Research unveiled on [September 24] in Science finds that crows know what they know and can ponder the content of their own minds, a manifestation of higher intelligence and analytical thought long believed the sole province of humans and a few other higher mammals.
A second study, also in Science, looked in unprecedented detail at the neuroanatomy of pigeons and barn owls, finding hints to the basis of their intelligence that likely applies to corvids’, too.
“Together, the two papers show that intelligence/consciousness are grounded in connectivity and activity patterns of neurons” in the most neuron-dense part of the bird brain, called the pallium, neurobiologist Suzana Herculano-Houzel.

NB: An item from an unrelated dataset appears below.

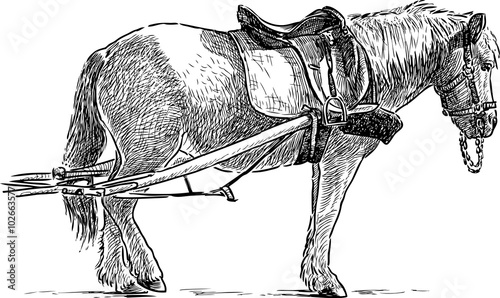 horse at work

Understanding the minds of nonhuman animals promises to shed light on the origins of such cognitive abilities as, in this case, knowing and analyzing the contents of one’s own brain. That’s how people solve challenges and make discoveries — what do I know? what if I look at it this way? — and it’s a pillar of higher intelligence. Knowing what you know is also a form of consciousness, and the discovery that more and more nonhumans seem to have it raises tricky questions about how we treat them.
“In theory, any brain that has a large number of neurons connected into associative circuitry … could be expected to add flexibility and complexity to behavior,” said Herculano-Houzel. “That is my favorite operational definition of intelligence: behavioral flexibility.”